Records to process section start

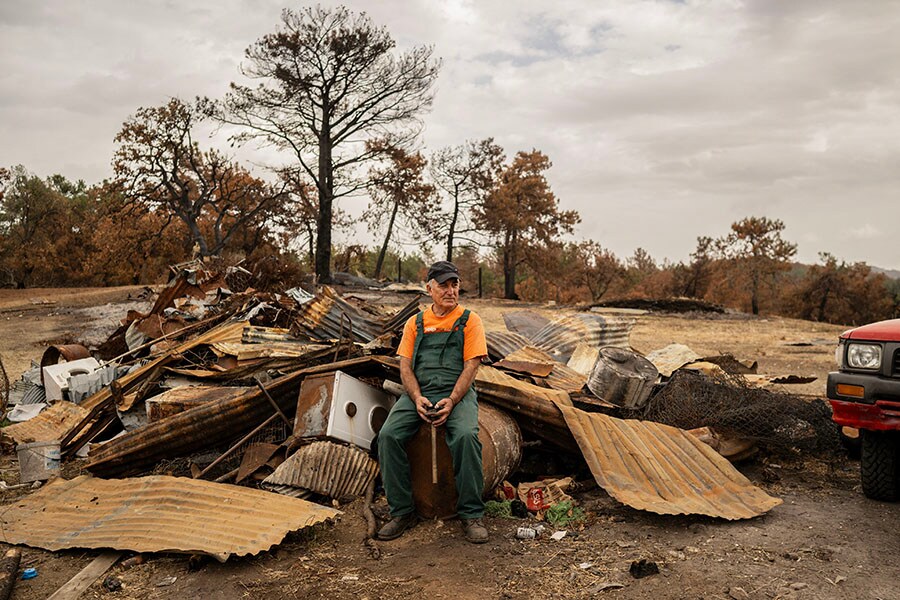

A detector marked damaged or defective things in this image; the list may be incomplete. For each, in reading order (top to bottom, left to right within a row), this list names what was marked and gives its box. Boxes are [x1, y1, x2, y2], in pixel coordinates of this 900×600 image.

rusty metal sheet [502, 346, 588, 394]
rusty metal sheet [528, 314, 632, 360]
rusty metal sheet [648, 344, 704, 378]
rusty metal sheet [2, 404, 88, 446]
rusty corrugated roofing [2, 404, 88, 446]
rusty metal sheet [262, 438, 378, 500]
rusty corrugated roofing [266, 440, 382, 496]
rusty metal sheet [556, 404, 780, 520]
rusty corrugated roofing [556, 404, 780, 520]
rusty corrugated roofing [0, 474, 338, 564]
rusty metal sheet [0, 474, 340, 564]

Records to process section end

Exercise prompt: In this exercise, set down all of the data exactly, without the pictures.

Task solution:
A detector marked damaged or defective things in this image; the list may be incomplete. For each, in reading order (top to bottom, left to right within a row), this list names what was marked and gives its box. Boxes are [x1, y1, x2, y2], in pixel coordinates of this 900×600 image.

rusty metal sheet [502, 346, 588, 394]
rusty metal sheet [528, 314, 632, 360]
rusty metal sheet [648, 344, 704, 378]
rusty metal sheet [2, 404, 88, 446]
rusty corrugated roofing [2, 404, 88, 446]
rusty metal sheet [262, 438, 378, 500]
rusty corrugated roofing [266, 440, 382, 496]
rusty metal sheet [556, 404, 780, 520]
rusty corrugated roofing [556, 404, 780, 520]
rusty corrugated roofing [0, 474, 338, 564]
rusty metal sheet [0, 474, 340, 564]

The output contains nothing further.